When you hear the word “influencer” – you probably think about Zoella or PixiWoo making several thousand pounds for snapping a photo of the latest beauty fad on Instagram. The term has very much been used within B2C as a sneaky way to advertise products to consumers without making it obvious that it is in fact and advert. #ad

Now with the emergence of ad blockers, influencers are vast becoming important within the B2B world too. Interestingly for our industry – we see marketing/PR merging once again as relationships are key for a good influencer strategy. Here are 5 tips to getting you on the way to building an effective influencer marketing strategy.

1) Know Your Customers!

Who do you want to influence? The obvious answer is customers but who are your customers really? For example, if you sell cloud IT infrastructure, is your customer the IT Manager or infact the Business Owner who could potentially outsource the IT Manager’s role to your firm. Likewise, if you sell marketing software, do you need to target the Marketing Manager or in fact the IT Manager who looks after all the software.

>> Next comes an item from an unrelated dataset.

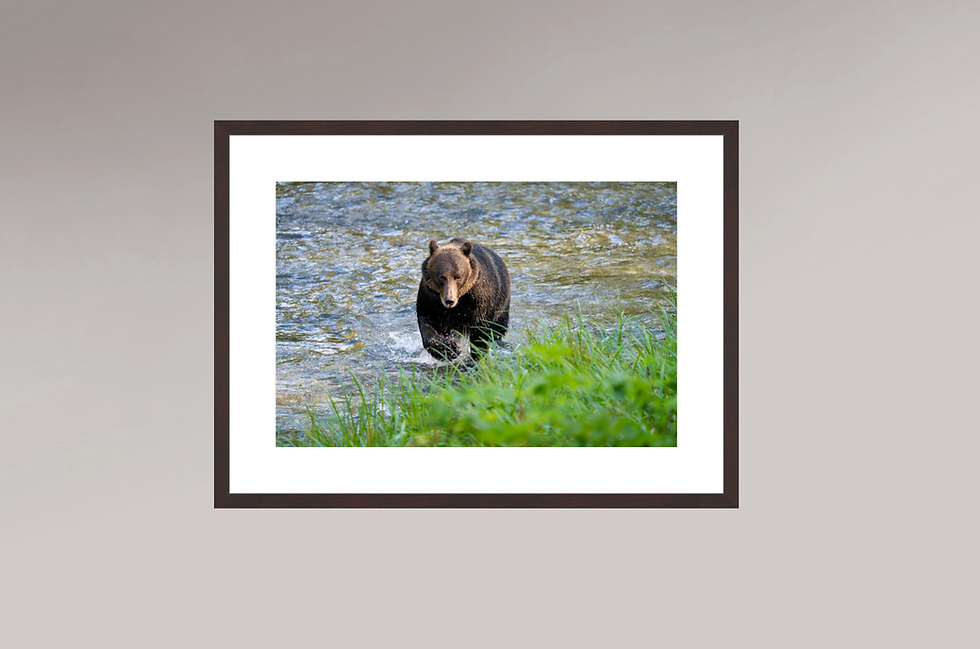 Thumbnail: OURS BRUN #1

To characterise your customers –  create a set of customer personas –  basically a detailed profile of each type of buyer that you have. Who are they? What are their interests? What key business challenges do they face? What emotional challenges do they face? (Parent etc) What types of websites do they visit? This will allow you to understand your customer on an emotional level and help you ascertain who you need to influence.

2) Find The Right Influencers

Now that you have your customer personas, it’s time to identify the key influencers. A good place to start is to see who speaks regularly at events in your industry. Flick through trade and industry journals to find authors who contribute frequently. Ask your sales teams and your customers about the thought leaders they admire. This will give you a great base for a list of influencers.

Once you have this list, you need to narrow it down. Who these influencers work for and is their company is a good fit with yours?  Are they in a position to make a real impact on your customers?

3) Build Relationships

Engaging with influencers – especially thought leaders takes more than a casual email to prove effecitive. High powered influencers are busy people and probably get “give me something for nothing” requests all the time.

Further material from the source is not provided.